* [BRIEF]
Of the material below, the lines to be retyped are those from the line containing "Beach By Matisse" through the line containing "Cool-toned warehouse aisle", inclusive; reproduce them exactly.

━━━━━━━━━━━━━━━━━━━━

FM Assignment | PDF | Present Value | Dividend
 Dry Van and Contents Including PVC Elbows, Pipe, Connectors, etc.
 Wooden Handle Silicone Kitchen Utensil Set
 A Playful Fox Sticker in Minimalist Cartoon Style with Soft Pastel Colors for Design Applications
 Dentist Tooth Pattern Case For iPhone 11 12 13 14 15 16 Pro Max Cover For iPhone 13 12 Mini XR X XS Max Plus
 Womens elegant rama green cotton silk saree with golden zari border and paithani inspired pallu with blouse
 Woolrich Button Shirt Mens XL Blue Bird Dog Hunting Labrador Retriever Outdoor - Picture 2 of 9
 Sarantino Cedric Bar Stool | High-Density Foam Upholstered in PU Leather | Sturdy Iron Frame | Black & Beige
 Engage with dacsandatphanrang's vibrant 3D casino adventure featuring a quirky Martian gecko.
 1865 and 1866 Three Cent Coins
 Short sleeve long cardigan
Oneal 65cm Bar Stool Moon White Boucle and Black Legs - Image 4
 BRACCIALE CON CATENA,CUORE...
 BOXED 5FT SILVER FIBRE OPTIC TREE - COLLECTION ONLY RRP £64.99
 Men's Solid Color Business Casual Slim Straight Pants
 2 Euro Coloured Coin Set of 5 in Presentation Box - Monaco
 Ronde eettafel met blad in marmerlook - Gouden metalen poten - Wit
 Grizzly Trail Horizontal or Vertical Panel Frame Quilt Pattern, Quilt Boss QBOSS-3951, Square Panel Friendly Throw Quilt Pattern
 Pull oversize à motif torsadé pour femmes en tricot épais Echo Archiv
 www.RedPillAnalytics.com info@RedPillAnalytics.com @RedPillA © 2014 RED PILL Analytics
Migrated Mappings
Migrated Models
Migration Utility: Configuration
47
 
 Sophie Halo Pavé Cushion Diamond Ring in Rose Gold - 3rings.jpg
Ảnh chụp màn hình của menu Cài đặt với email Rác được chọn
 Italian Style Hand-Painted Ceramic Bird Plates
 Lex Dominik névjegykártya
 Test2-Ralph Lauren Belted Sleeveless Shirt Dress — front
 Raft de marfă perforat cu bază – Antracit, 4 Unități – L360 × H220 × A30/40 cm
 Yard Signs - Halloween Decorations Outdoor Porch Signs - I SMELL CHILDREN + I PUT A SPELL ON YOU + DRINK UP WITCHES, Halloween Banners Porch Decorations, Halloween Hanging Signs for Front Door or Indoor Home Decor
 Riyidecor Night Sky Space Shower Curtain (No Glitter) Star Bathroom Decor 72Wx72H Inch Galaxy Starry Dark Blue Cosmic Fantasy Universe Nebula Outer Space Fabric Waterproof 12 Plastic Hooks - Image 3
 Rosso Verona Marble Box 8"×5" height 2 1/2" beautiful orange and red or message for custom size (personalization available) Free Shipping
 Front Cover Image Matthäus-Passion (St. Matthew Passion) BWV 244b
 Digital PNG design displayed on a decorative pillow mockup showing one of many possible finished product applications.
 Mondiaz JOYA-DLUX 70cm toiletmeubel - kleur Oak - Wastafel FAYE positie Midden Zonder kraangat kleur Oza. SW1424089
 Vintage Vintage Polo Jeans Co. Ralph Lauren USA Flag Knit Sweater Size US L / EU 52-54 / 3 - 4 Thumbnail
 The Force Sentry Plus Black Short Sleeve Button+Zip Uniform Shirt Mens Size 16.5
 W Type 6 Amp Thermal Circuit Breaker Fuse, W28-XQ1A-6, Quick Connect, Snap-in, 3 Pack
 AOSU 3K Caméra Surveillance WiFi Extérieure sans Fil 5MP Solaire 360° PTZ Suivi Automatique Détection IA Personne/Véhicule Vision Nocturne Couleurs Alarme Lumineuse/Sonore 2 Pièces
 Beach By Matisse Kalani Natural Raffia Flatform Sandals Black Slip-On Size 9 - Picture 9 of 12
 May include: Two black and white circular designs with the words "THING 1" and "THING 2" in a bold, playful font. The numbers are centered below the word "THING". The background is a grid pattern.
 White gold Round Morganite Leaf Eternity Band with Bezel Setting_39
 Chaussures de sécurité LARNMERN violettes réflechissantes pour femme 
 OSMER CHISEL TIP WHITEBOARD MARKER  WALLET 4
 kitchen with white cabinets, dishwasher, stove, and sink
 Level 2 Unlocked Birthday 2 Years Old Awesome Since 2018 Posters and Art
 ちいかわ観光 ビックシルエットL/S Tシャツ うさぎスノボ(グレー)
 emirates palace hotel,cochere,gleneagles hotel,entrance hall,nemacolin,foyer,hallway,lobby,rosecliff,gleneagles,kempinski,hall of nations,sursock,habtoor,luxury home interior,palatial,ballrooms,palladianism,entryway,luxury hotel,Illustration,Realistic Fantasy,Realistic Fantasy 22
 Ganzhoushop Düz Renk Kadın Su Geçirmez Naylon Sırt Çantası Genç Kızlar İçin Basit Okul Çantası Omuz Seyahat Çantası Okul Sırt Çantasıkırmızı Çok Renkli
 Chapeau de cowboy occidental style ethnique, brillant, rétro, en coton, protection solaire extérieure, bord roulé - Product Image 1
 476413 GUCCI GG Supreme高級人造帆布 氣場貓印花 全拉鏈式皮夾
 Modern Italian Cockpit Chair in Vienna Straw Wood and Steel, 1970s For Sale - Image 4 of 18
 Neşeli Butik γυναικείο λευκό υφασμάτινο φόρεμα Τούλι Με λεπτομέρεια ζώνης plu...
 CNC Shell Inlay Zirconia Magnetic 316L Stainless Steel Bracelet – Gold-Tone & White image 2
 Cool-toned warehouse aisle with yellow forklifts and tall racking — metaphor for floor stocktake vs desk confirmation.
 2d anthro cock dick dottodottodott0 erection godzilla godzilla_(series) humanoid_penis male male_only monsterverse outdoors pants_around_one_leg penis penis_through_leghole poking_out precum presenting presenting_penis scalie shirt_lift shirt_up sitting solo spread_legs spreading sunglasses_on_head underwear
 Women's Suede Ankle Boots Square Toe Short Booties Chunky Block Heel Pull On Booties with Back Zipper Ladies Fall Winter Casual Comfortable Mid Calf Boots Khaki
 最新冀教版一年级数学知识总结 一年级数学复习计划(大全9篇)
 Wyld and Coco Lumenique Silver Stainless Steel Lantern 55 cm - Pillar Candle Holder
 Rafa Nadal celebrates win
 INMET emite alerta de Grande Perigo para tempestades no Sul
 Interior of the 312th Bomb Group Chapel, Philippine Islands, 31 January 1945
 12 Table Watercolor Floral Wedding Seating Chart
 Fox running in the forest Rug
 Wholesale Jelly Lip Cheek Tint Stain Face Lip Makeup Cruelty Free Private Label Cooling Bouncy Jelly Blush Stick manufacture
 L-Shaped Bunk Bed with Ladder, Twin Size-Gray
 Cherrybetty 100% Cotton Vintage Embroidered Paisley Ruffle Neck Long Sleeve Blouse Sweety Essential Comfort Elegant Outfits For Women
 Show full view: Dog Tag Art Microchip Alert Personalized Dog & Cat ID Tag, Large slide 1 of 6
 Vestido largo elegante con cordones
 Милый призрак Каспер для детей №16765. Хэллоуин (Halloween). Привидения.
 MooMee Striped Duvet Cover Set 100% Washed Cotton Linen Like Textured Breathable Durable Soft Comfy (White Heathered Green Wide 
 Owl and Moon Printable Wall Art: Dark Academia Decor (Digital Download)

━━━━━━━━━━━━━━━━━━━━

* [ANSWER FOR THIS EXERCISE]
 Beach By Matisse Kalani Natural Raffia Flatform Sandals Black Slip-On Size 9 - Picture 9 of 12
 May include: Two black and white circular designs with the words "THING 1" and "THING 2" in a bold, playful font. The numbers are centered below the word "THING". The background is a grid pattern.
 White gold Round Morganite Leaf Eternity Band with Bezel Setting_39
 Chaussures de sécurité LARNMERN violettes réflechissantes pour femme 
 OSMER CHISEL TIP WHITEBOARD MARKER  WALLET 4
 kitchen with white cabinets, dishwasher, stove, and sink
 Level 2 Unlocked Birthday 2 Years Old Awesome Since 2018 Posters and Art
 ちいかわ観光 ビックシルエットL/S Tシャツ うさぎスノボ(グレー)
 emirates palace hotel,cochere,gleneagles hotel,entrance hall,nemacolin,foyer,hallway,lobby,rosecliff,gleneagles,kempinski,hall of nations,sursock,habtoor,luxury home interior,palatial,ballrooms,palladianism,entryway,luxury hotel,Illustration,Realistic Fantasy,Realistic Fantasy 22
 Ganzhoushop Düz Renk Kadın Su Geçirmez Naylon Sırt Çantası Genç Kızlar İçin Basit Okul Çantası Omuz Seyahat Çantası Okul Sırt Çantasıkırmızı Çok Renkli
 Chapeau de cowboy occidental style ethnique, brillant, rétro, en coton, protection solaire extérieure, bord roulé - Product Image 1
 476413 GUCCI GG Supreme高級人造帆布 氣場貓印花 全拉鏈式皮夾
 Modern Italian Cockpit Chair in Vienna Straw Wood and Steel, 1970s For Sale - Image 4 of 18
 Neşeli Butik γυναικείο λευκό υφασμάτινο φόρεμα Τούλι Με λεπτομέρεια ζώνης plu...
 CNC Shell Inlay Zirconia Magnetic 316L Stainless Steel Bracelet – Gold-Tone & White image 2
 Cool-toned warehouse aisle with yellow forklifts and tall racking — metaphor for floor stocktake vs desk confirmation.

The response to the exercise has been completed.